EXERCISE GOAL
Below are records with pictures in them. Output exactly the lines from the one with "Ein Stück von" through the one with "Amazona leather tote", both included, and leave every picture out; give only those lines.

Content starts

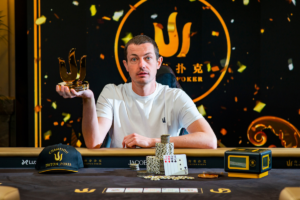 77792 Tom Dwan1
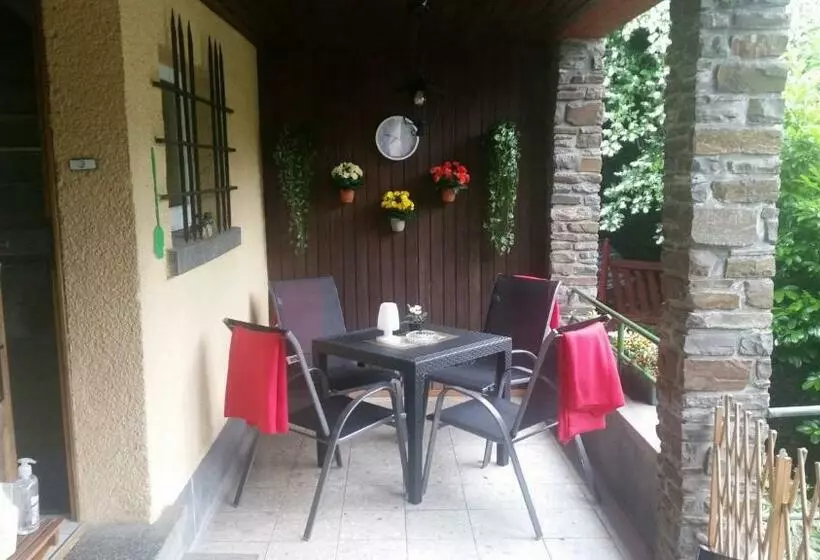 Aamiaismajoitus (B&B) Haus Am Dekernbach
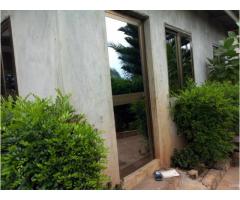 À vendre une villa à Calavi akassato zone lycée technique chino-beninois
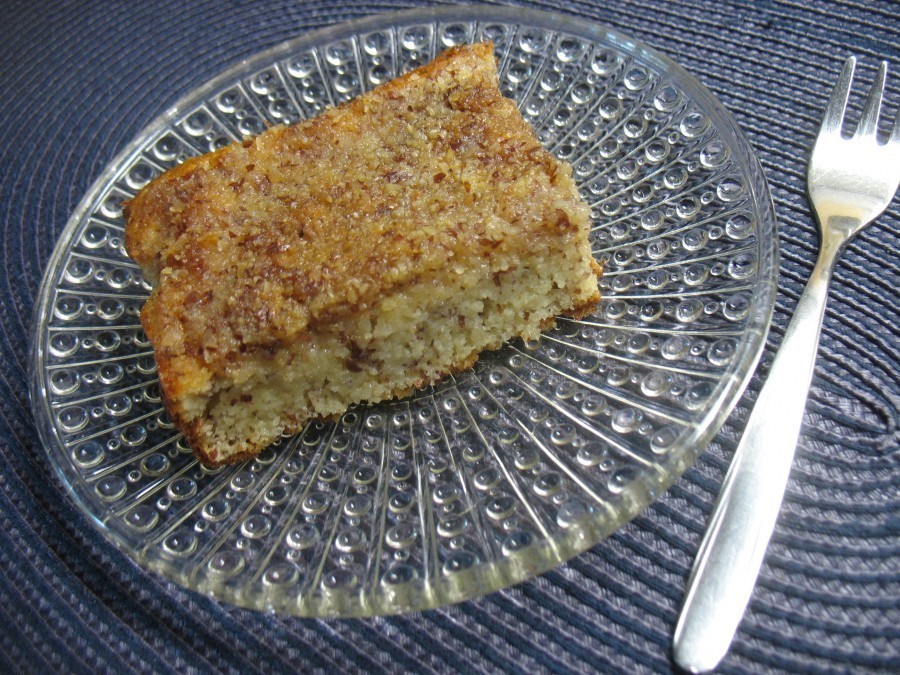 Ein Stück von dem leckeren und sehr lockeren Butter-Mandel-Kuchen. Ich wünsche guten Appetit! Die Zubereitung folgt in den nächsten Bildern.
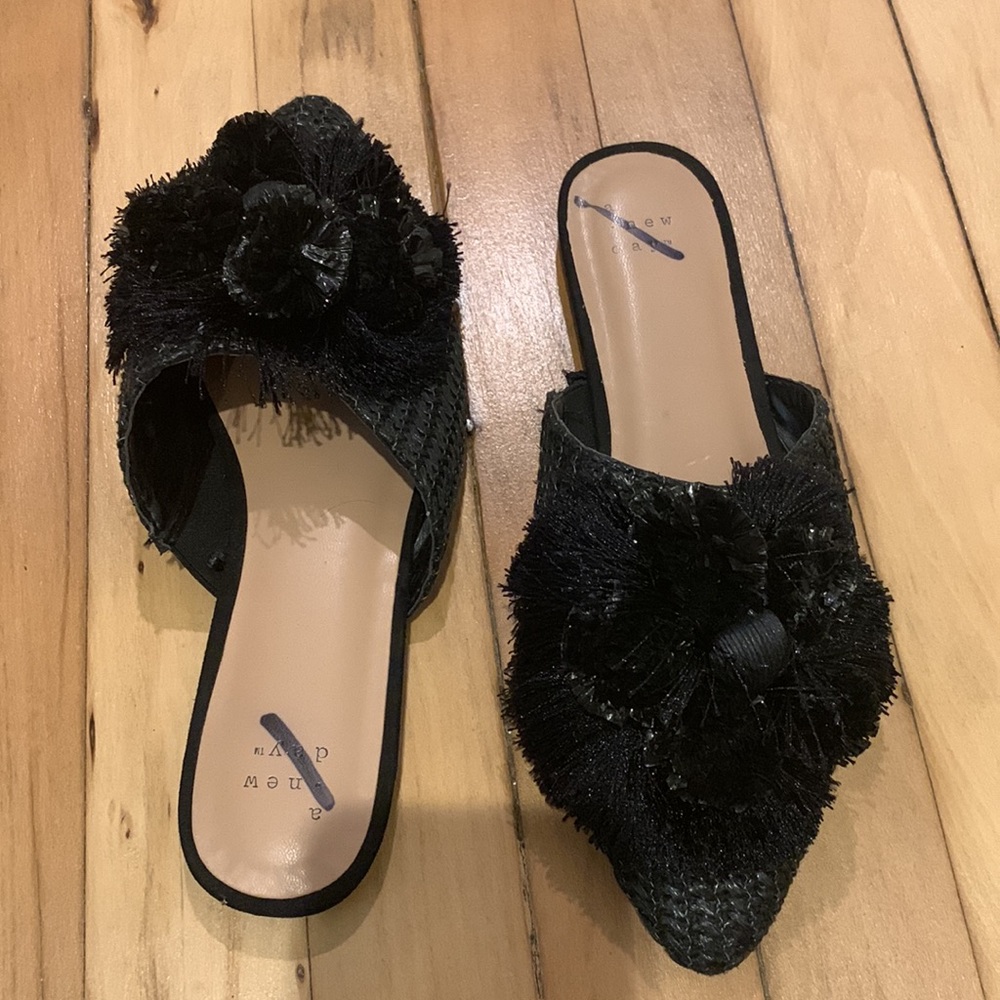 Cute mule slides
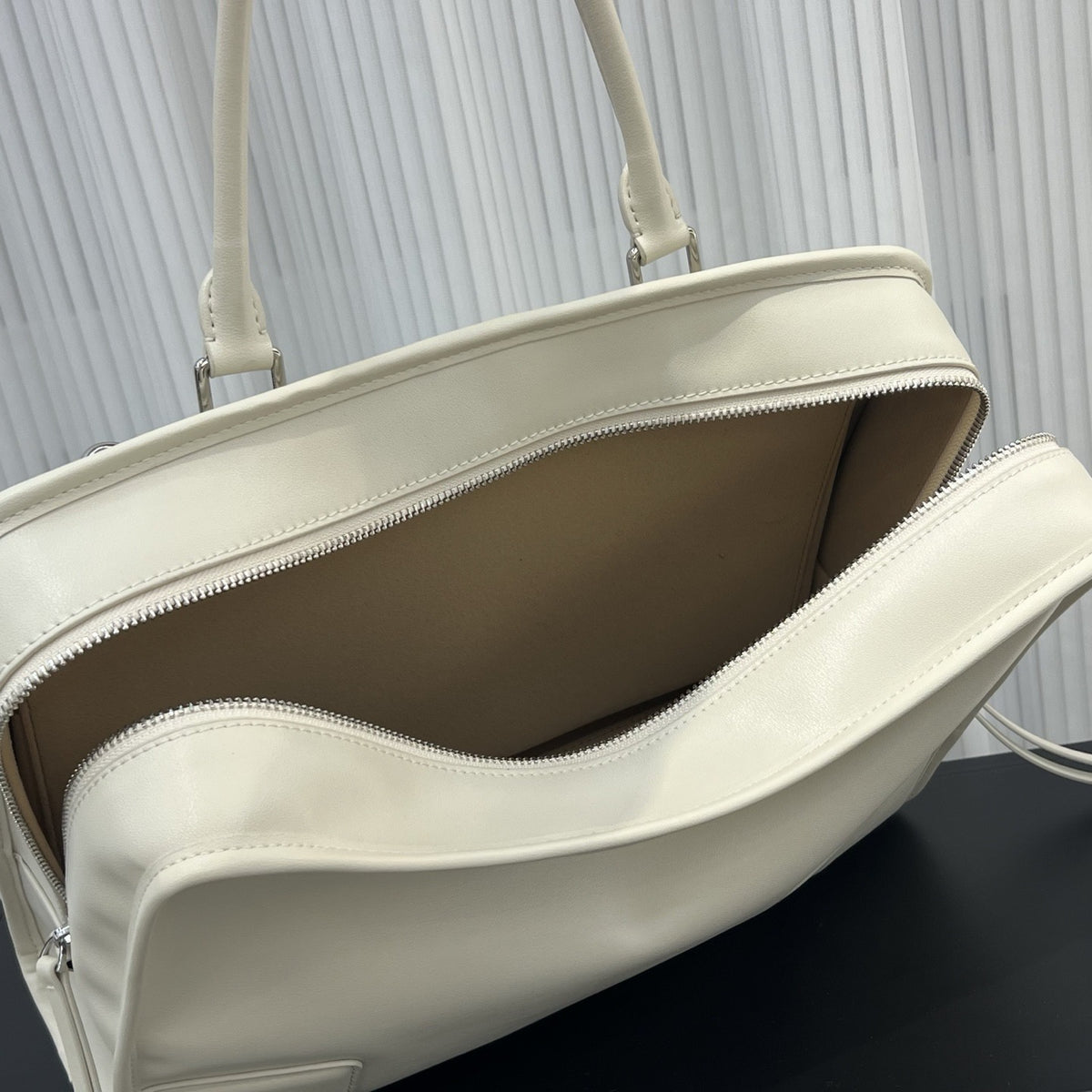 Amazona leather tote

Content ends
Content starts

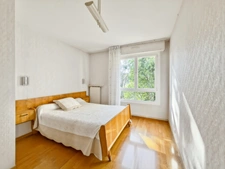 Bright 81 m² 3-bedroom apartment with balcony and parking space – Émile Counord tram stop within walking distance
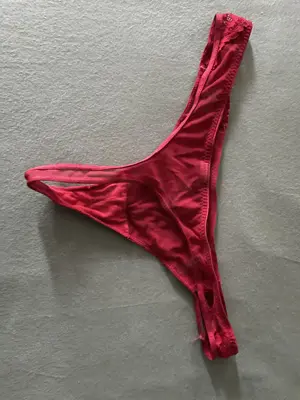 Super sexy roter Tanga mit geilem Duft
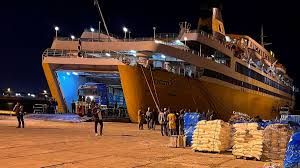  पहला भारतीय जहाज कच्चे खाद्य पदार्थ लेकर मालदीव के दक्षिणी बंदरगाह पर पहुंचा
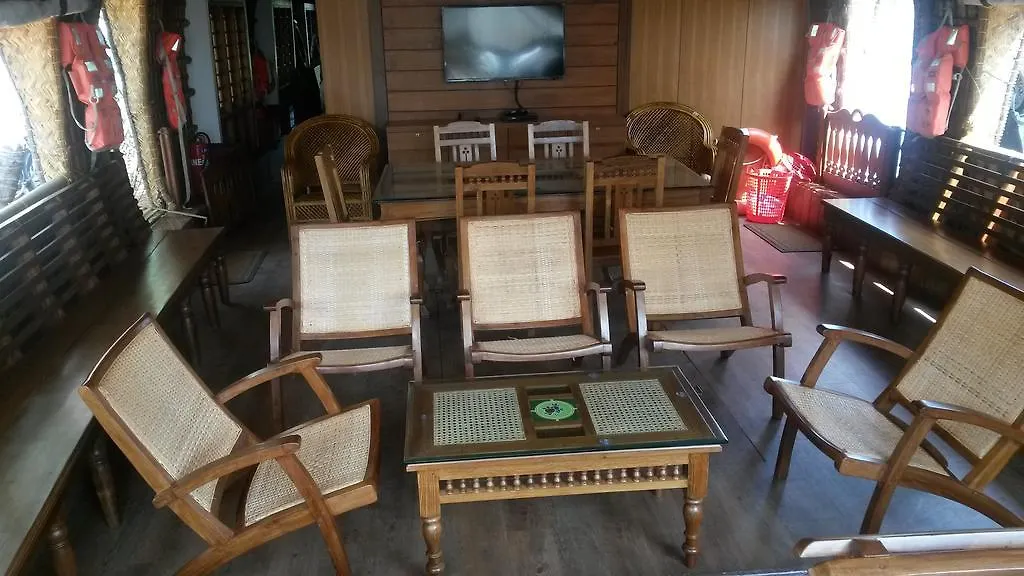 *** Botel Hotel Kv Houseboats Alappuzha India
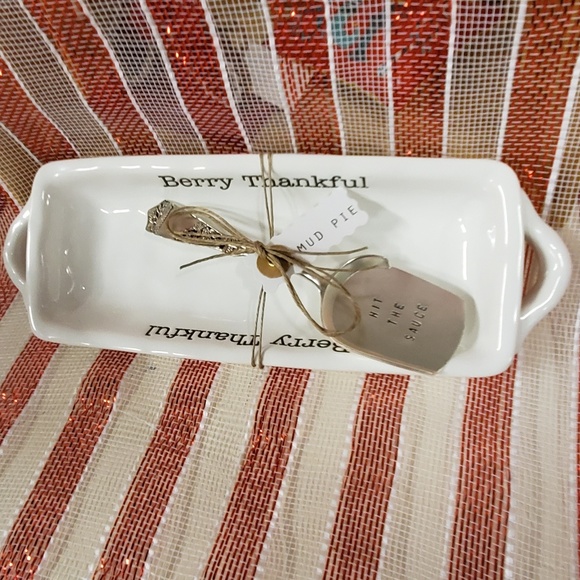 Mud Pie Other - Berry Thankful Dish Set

Content ends

RESULT OF THE TASK
 Ein Stück von dem leckeren und sehr lockeren Butter-Mandel-Kuchen. Ich wünsche guten Appetit! Die Zubereitung folgt in den nächsten Bildern.
 Cute mule slides
 Amazona leather tote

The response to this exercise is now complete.